3. Sana bu Kur'ân'ı vahyetmekle biz, sana kıssaların en güzelini anlatıyoruz. Gerçek şu ki, daha önce senin bundan hiç haberin yoktu.

Yusuf Sûresi / 1-3. Ayetler

Bu Ayet-i Kerime Elmalılı M. Hamdi Yazır'ın Kur'an Mealinden alınmıştır.

Her gün bir Hadis

45) İyi Kişileri Ziyaret Edip Sohbette Bulunmak

Bu bölümdeki iki ayet ve on beş hadis-i şeriften, Musa ile Hızır kıssasını, Allah rızasını arayan garib Müslümanlarla birlikte olmanın gerekliliğini, peygamber dostlarının yine peygamber dostları tarafından nasıl ziyaret edildiğini, sadece Allah rızasını kazanmak için uzak mesafelerdeki din kardeşlerin de ziyaret edilmesi gerektiğini, hasta ziyaretine gidenin cennette kendine barınak hazırladığını, iyi arkadaşla kötü arkadaşın benzerinin misk ve duman gibi olduğunu, kadının dört sebepten biri için nikahlanabileceğini, Meleklerin bile Rablerinin emri ve müsaadesi olmadan yeryüzüne inemeyeceklerini, mü'minlerin dost edinilip yolunu Allah ve kitap ile bulanlara yemek yedirilmesi gerektiğini, insanın arkadaştan etkilendiğini dolayısıyla kişinin kimi arkadaş edineceğine dikkat etmesi, gerektiğini, kişinin sevdiğiyle beraber olacağını, kişinin kıyametin ne zaman kopacağını değil ora için ne hazırladığını bilmesi gerektiğini, insanların da aynen madenler gibi olduğunu İslam öncesi dönemde hayırlı olanların İslam döneminde de İslamı kavradıklarında hayırlı olacaklarını, Hz. Ömer ile Yemen'li Üveys'in konuşmalarını, Hac ve Umre yapmak için gidenlere bizi de duadan unutma denileceğini, Rasulullah ( s.a.v.)'in yaya ve binitli olarak Kuba mescidini ziyaret edip iki rekat namaz kıldığını öğreneceğiz. [1]

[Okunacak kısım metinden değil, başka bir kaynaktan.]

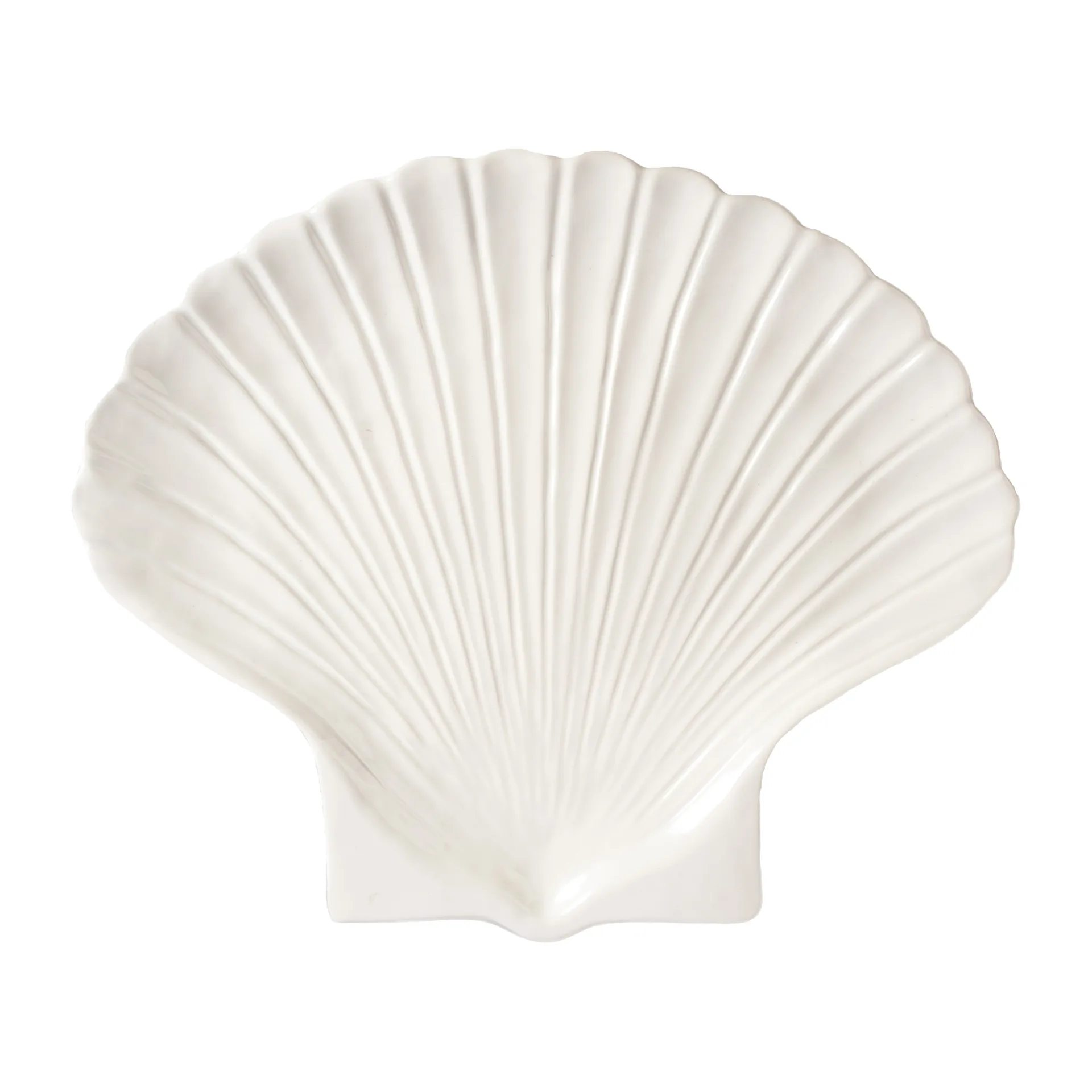 Plato Shell, XL Byon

[1] Abdullah Parlıyan, Açıklamalı Tam Riyazu's-Salihin Tercümesi: 133

"Bir vakit Musa genç arkadaşına demişti ki "İki denizin birleştiği yere kadar yola devam edeceğim yahut da yıllarca bu uğurda uğraşacağım." İki denizin kavuştuğu yere vardıkları zaman balıklarını unutmuşlardı. Balık denize atlamış dalıp bir yol tutmuş gitmişti. Orayı geçtiklerinde, Musa genç arkadaşına "Kuşluk yemeğimizi getir" dedi. Gerçekten de şu yolculuk yordu bizi. Arkadaşı gördün mü? dedi. Kayanın yanında oturduğumuz zaman balığı unutmuştum, onu bana unutturan ve sana söylememe engel olan da ancak şeytandır. Tuhaf şey nasıl da yol bulup suya ulaştı. Musa: "Buydu aradığımız işte ya!" dedi ve izleri üzerinde hemen geri döndüler ve orada kullarımızdan bir kul buldular ki biz katımızdan ona rahmet verip özel bilgiyle donatmıştık onu. Musa o'na sana öğretilen hakiki ilimden bana öğretmek üzere senin peşinden gelebilir miyim, dedi." (Kehf: 18/60-66)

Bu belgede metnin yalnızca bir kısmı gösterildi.